Main contractors for the project are Marshall Construction and the consulting civil engineers are C.R.A Limited. The log sorting line was supplied by Holtec of Germany and the scanning and electronics by Sawco of Sweden. The 3D log scanner, which is at the heart of the operation, is the first ‘techied effect’ scanner in the UK that can differentiate between bark and solid wood.

Gordon Callander from James Callander & Son said: “This has been quite a challenging project, as we are working on a completely green site and are situated quite far away from the necessary utilities. As a result, there have been some technical challenges. However, we have successfully worked together with the various consultants in order to rectify any difficulties.east-devilla-forest

“Works are going well and we intend to run the first test logs through the machine before the end of November, reaching full production early next year.”

The building itself covers around 200m² of floor space and comprises three storeys, each of which are around 10m by 7m, and is a timber frame construction using the company’s own standard production timber. Most of the construction has been composed of reinforced concrete walls which form the pillars that the machinery sits on.

An interesting feature of the building is the timber clad exterior, which blends in with the forest environment and highlights the use of the client’s own construction materials. The entire building is externally clad in Scottish grown pine that grew on the site before it was accrued for the building.

All of the timber used for the construction of the building is FSC certified, reflecting the passion of James Callander & Son for providing high quality, sustainable wood.

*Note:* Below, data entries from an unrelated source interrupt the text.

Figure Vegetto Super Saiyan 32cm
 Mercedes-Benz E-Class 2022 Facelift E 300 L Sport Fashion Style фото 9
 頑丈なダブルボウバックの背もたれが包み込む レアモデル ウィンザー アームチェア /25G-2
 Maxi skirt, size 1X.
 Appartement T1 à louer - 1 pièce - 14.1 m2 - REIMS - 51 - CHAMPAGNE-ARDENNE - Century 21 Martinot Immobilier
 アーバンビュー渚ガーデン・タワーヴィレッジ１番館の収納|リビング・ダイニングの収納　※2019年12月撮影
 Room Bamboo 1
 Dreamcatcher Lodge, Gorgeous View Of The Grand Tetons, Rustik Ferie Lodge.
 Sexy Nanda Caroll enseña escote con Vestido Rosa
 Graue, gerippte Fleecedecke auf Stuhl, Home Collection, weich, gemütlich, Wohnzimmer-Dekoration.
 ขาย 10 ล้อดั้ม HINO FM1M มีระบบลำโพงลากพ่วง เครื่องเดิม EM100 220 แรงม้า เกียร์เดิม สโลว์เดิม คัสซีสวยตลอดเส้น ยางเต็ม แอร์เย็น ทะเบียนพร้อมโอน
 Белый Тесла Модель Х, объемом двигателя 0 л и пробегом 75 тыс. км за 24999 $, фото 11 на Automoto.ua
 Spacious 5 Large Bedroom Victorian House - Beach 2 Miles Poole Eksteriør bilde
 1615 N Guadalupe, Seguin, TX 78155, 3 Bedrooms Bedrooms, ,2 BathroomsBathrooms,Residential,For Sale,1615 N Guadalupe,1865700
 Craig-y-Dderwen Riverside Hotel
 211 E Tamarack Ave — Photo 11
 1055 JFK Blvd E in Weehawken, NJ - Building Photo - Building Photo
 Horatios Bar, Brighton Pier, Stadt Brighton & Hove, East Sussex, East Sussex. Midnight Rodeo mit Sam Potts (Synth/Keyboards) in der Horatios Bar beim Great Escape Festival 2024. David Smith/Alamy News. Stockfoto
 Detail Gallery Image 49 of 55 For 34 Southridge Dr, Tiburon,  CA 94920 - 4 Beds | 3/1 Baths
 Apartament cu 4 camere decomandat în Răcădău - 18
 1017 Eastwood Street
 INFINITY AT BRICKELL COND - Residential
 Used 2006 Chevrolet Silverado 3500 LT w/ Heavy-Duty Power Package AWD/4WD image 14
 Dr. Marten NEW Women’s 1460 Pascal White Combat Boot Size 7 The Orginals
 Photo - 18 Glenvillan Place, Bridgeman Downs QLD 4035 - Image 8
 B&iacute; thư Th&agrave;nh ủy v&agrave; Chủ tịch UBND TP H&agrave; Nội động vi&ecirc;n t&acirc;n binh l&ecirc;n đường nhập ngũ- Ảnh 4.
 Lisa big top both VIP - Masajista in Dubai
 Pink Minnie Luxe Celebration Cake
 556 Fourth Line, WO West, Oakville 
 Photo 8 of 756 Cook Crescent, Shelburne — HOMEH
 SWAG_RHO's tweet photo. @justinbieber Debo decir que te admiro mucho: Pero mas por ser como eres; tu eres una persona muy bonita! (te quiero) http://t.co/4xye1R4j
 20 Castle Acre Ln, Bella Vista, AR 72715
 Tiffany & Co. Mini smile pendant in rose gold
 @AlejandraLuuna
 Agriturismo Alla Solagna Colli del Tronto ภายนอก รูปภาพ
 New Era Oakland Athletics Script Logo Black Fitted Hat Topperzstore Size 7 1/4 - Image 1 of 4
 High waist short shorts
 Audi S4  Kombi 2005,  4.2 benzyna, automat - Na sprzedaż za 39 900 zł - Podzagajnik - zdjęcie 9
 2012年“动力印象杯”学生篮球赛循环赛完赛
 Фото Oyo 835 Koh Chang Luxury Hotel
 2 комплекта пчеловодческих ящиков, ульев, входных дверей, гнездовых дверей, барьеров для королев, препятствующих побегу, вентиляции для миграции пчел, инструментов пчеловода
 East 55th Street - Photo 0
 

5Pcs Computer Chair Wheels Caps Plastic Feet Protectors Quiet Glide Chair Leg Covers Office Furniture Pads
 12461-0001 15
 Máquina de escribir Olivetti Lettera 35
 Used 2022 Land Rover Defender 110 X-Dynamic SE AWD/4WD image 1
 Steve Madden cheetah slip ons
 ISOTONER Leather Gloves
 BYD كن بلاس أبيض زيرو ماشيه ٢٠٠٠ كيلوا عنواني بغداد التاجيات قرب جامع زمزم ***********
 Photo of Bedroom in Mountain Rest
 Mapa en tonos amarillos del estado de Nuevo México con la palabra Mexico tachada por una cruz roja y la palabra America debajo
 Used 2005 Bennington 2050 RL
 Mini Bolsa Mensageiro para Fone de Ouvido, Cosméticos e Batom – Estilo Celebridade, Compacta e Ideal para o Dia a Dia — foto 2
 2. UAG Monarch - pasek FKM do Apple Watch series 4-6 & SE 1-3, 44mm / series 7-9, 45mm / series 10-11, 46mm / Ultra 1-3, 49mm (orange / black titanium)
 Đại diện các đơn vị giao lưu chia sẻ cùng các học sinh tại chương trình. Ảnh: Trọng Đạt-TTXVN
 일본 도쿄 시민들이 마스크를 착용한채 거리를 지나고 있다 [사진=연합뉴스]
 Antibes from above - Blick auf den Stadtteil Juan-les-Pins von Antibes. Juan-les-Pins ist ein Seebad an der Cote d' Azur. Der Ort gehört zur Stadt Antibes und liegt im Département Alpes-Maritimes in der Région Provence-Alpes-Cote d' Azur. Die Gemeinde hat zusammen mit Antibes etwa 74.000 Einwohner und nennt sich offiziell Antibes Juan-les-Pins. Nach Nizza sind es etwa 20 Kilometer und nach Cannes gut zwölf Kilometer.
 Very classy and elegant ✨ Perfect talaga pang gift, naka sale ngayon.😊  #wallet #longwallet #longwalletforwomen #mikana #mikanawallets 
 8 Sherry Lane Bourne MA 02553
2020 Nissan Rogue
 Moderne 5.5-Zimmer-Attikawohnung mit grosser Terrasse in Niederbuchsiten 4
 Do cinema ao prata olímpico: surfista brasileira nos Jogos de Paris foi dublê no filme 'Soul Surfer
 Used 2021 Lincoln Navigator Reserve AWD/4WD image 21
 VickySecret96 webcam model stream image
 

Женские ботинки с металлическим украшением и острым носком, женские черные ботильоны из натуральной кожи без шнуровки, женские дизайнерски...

Indeed, all of the timber sawn by the company comes from Scottish grown softwoods, 98% of which is Sitka or Norway  Spruce.  James Callander & Son have been sawing timber for over fifty years and it is in their interest to ensure that all supplies come from sustainable sources: they purchase timber from Forest Enterprise and privately owned woodlands, all of which must be managed in accordance with the UK Forest Standard.

In order to provide customers with this assurance, the company has achieved Chain of Custody accreditation with the FSC (Forest Stewardship Council), which is the only internationally recognised independent forest certification body. Over 70% of the timber that James Callander & Son supply is from FSC certified forests. It is their aim to ultimately provide their customers with 100% of material from certified sources.east-devilla-forest

Most of the investment for the project has been in the machinery, which is based on a steel frame structure. All the machines that harvest timber are fitted with the most up to date computer software and optimising packages,  which allows James Callander & Son Ltd to provide the grower with a complete range of crop information and product breakdown to ensure that they get the best return from their woodlands.

In addition, James Callander & Son are currently working with selected suppliers on GIS (Geographic Information Systems) coupled with modern links between  the sawmill and machines. It is envisaged that such technology will enable the company to provide a superior service to their customers by providing raw material deliveries that are more closely linked to sawmill production and customer requirements. In addition, a better service will be provided to their suppliers due to the quicker uplift of material from the forest and roadside.

The project has also comprised a small amount of exterior landscaping, including the retention of tree cover and the building of a small access road off the main public highway onto the site.